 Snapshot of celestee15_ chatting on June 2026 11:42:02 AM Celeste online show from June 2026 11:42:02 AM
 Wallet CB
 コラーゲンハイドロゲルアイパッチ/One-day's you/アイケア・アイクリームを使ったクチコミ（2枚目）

---

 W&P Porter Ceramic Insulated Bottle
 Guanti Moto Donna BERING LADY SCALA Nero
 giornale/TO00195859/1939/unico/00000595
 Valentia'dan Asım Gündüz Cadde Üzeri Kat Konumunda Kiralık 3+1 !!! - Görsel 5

Task details. Among the records above, extract exactly the lines from the line with "W&P Porter Ceramic Insulated Bottle" to the line with "Valentia'dan Asım Gündüz", both lines included, and leave out the rest.

Answer to this task.
 W&P Porter Ceramic Insulated Bottle
 Guanti Moto Donna BERING LADY SCALA Nero
 giornale/TO00195859/1939/unico/00000595
 Valentia'dan Asım Gündüz Cadde Üzeri Kat Konumunda Kiralık 3+1 !!! - Görsel 5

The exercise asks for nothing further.